For the data that follows, print the line with "Brogan serves the", the line with "Detail of S925", and all lines between them, exactly as they stand. Omit pictures and add nothing.
(LISTED ENTRIES begins)
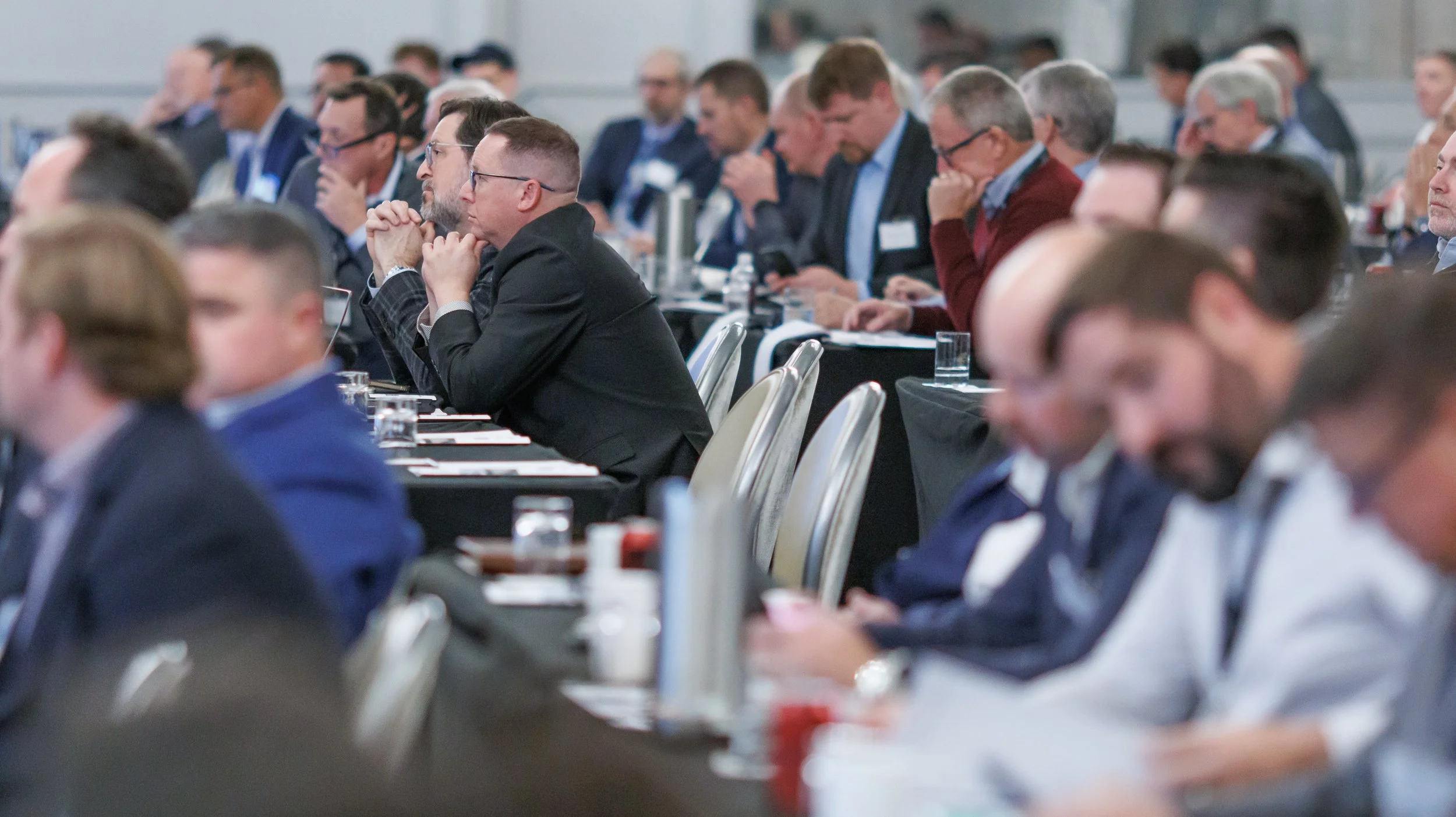 Attendees at a professional conference or seminar sitting at tables, reading, listening, and taking notes.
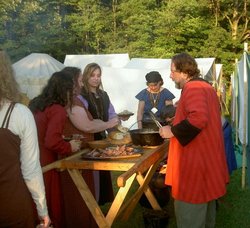 Brogan serves the guests on feast night at Pennsic XXXV<br />Image submitted by Guthrum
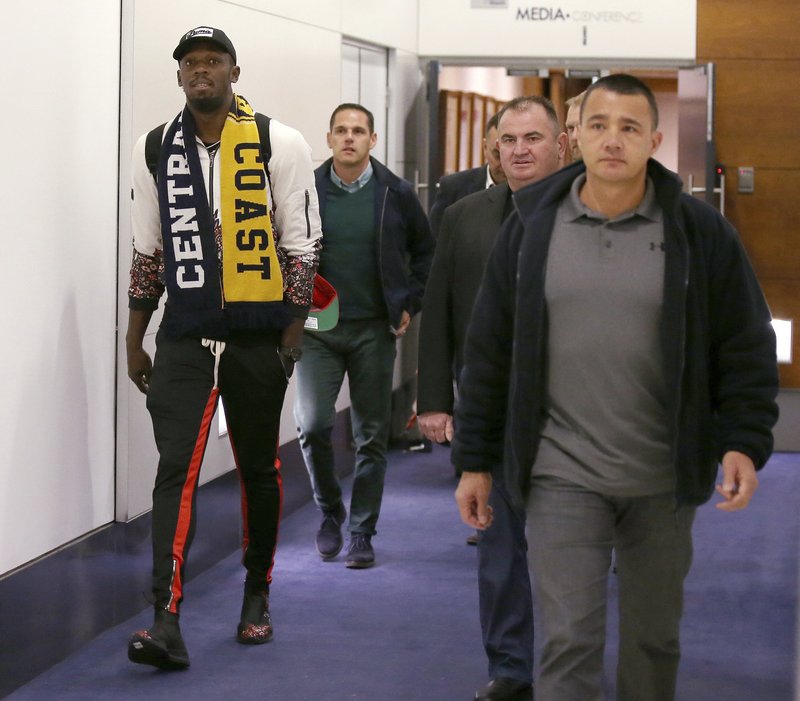 Usain Bolt llega a Australia para entrenar con equipo de futbol local - bolt-australia2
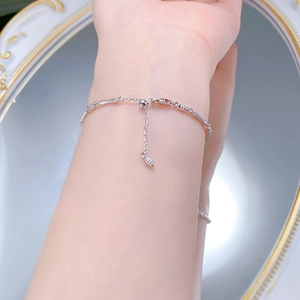 Detail of S925 sterling silver bamboo joint bracelet with adjustable slider clasp on wrist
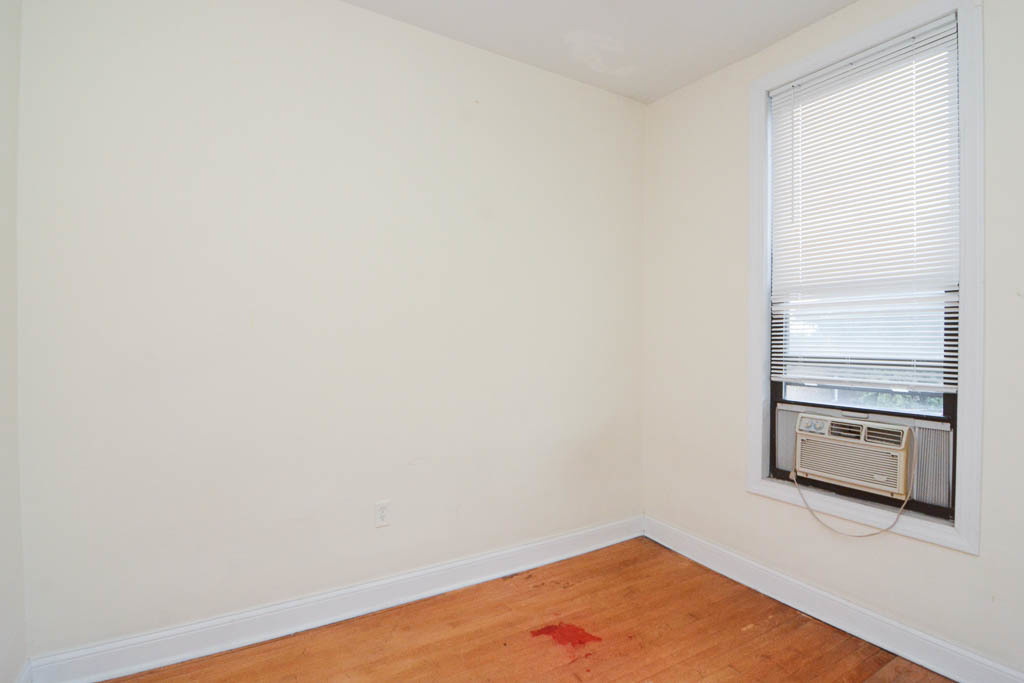 2347 West 24th Place, Unit 3R Chicago, IL 60608 - Photo 12 of 20 a view of a room with wooden floor and kitchen view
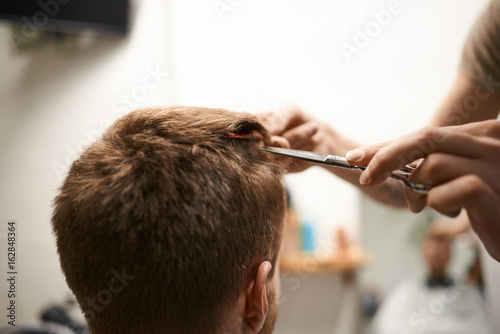 Rear view of guy sitting at barbershop, having his hair cut by unrecognizable hairdresser. Master cutting male client's hair using comb and scissors at professional hairdressing salon. Selective focus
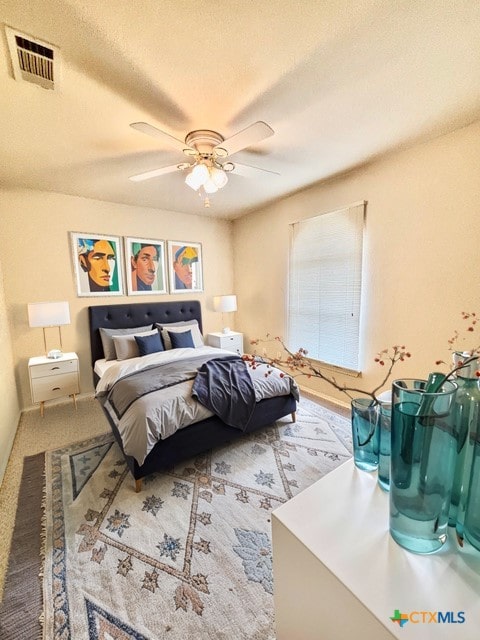 carpeted bedroom with ceiling fan and a textured ceiling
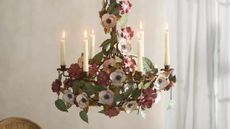 Anthropologie candle chandelier styled with white taper candles in a neutral dining room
(LISTED ENTRIES ends)
▶ ANSWER SPACE:
 Brogan serves the guests on feast night at Pennsic XXXV<br />Image submitted by Guthrum
 Usain Bolt llega a Australia para entrenar con equipo de futbol local - bolt-australia2
 Detail of S925 sterling silver bamboo joint bracelet with adjustable slider clasp on wrist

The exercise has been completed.